Dow 19,000: Will the Fed’s Coming Rate Hikes Kill This Bull Market?

Dow 19,000: Will the Fed’s Coming Rate Hikes Kill This Bull Market?

© Peter Morgan / Reuters

Dow 19,000!

We’ve crossed that mark for the first time — and the S&P 500, Nasdaq Composite and Russell 2000 small-cap index are all at record highs as well. The last time all four major stock market averages hit new highs at the same time was December 31, 1999.

Wall Street could hardly be more excited as it looks ahead to the fiscal stimulus it expects to see from a Trump administration.

Never mind that a large percentage of the equity market isn't participating in the advance. Or that Trump's fiscal plans are expected to double the national debt. Or that interest rates have exploded higher on inflation fears.

Related: Why Wall Street Should Be Worried About Steve Bannon

Most importantly, stock bulls distracted by Trump are ignoring the rising policy hawkishness at the Federal Reserve — the purveyor of cheap money that's sustained this bull market since it began in 2009.

The market is predicting 95 percent odds of an interest rate hike before the end of the year. That kind of outlook would have jolted stocks in years past, when any odd mention of policy tightening by the Fed or a misspoken word by Fed Chair Janet Yellen would send stocks careening lower. Sensitivity approached satire, in many cases (remember Yellen's "six months" mistake?).

Now, nobody seems to care. Yellen is yesterday's news.

Related: Yellen Sends a Message to Trump: Hands Off Dodd-Frank

The bulls have found a new source of confidence, with Trump's fiscal plans and his outspoken support for a repatriation holiday leading Goldman Sachs to estimate an additional $200 billion in overseas cash will come home — $150 billion of which will be used for equity buybacks.

Nearly a decade after the financial crisis, we are at long last trading fiscal stimulus for monetary stimulus — but it may be too late.

Yellen warned Congress earlier this month that the economy was operating near its natural growth limit and that a big fiscal boost now would limit the options for fiscal stimulus should the economy suffer another shock. Philadelphia Fed President Patrick Harker warned that the pace of rate hikes could be accelerated should Trump enact his tax cut and spending plans — a sentiment echoed by Richmond Fed President Jeffrey Lacker.

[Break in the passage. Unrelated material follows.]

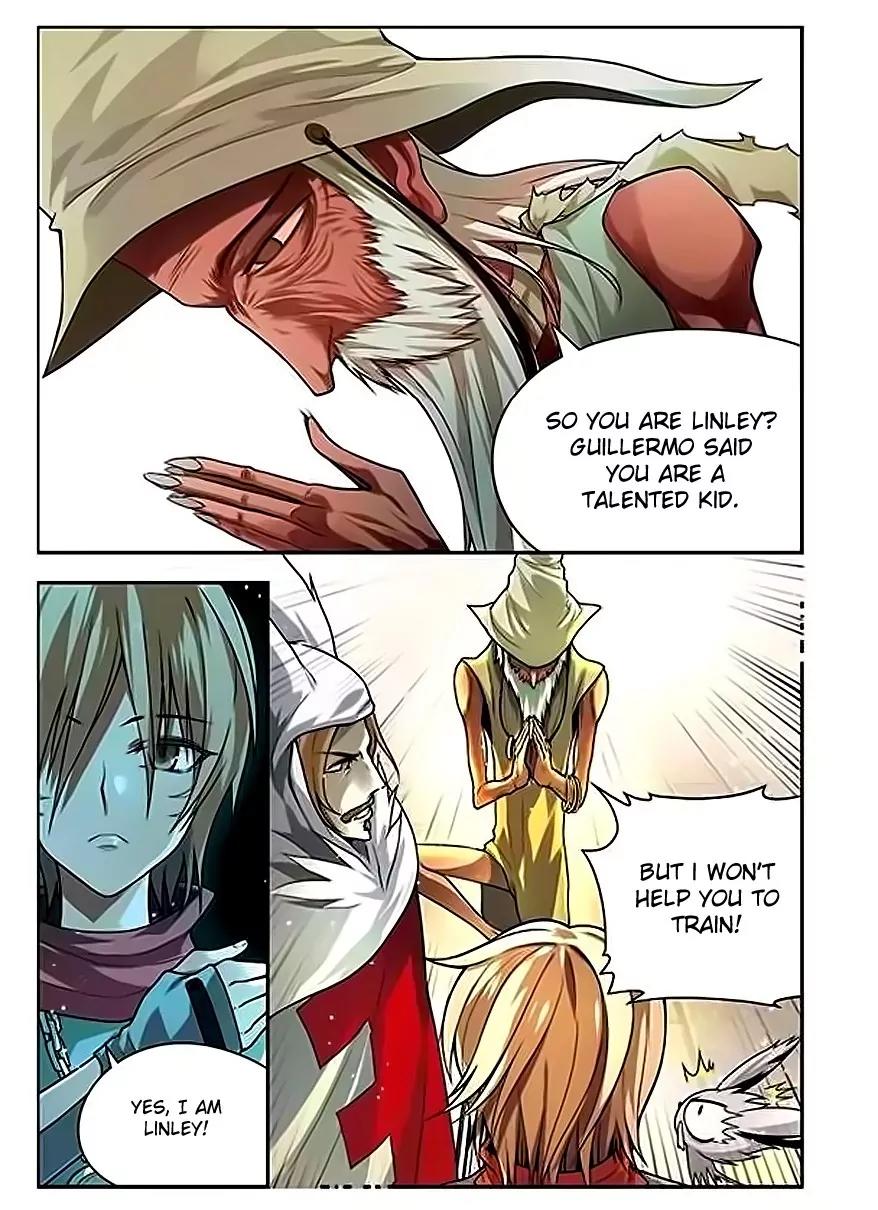 Coiling Dragon Chapter 66 - Page 11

Related: A Fed Rate Hike Will Hit 92 Million Americans Right in the Pocketbook 

The shift in tone is clear.

Deutsche Bank economists in a note to clients this week highlighted that change, warning that while the post-financial crisis years have been marked by a Fed eager to support markets and the economy at every turn, the evidence was building that "the Fed is in the early stages of leaving this dovish regime behind and could take on a more hawkish stance going forward."

Already, the market expects two rate hikes in 2017, up from expectations for a single hike before Trump's electoral victory. In Deutsche Bank's view, this re-pricing has "room to run" and will likely result in more rate hikes being priced in.

Related: Who’s Being Left Behind by the Stock Market’s Trump Trade?

But an aggressive end to the greatest experiment with ultra-cheap money in human history isn't going to be painless — and that danger is being ignored. The interest rate hikes would put an end to a 34-year bull market in bonds. A repricing of risk across the entire spectrum of financial assets is coming. And it could upend the president-elect’s spending plans, as higher interest rates would put increased pressure on the national debt.

Trump, who was frequently critical of Yellen's low-rate regime on the campaign trail, may soon regret his calls for her to turn hawkish.